▸ Stored data
BEGIN

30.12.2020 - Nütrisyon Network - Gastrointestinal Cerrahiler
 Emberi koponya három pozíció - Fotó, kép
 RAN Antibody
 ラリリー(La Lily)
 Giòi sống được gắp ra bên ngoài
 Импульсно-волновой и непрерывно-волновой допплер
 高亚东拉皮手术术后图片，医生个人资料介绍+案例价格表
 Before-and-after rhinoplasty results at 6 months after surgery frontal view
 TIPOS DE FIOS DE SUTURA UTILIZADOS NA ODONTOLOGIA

END

▸ What you will do
Return, exactly as written, only those lines that run from the one with "Giòi sống được gắp ra bên ngoài" to the last line of the data, both of those lines included.

▸ Answer section
 Giòi sống được gắp ra bên ngoài
 Импульсно-волновой и непрерывно-волновой допплер
 高亚东拉皮手术术后图片，医生个人资料介绍+案例价格表
 Before-and-after rhinoplasty results at 6 months after surgery frontal view
 TIPOS DE FIOS DE SUTURA UTILIZADOS NA ODONTOLOGIA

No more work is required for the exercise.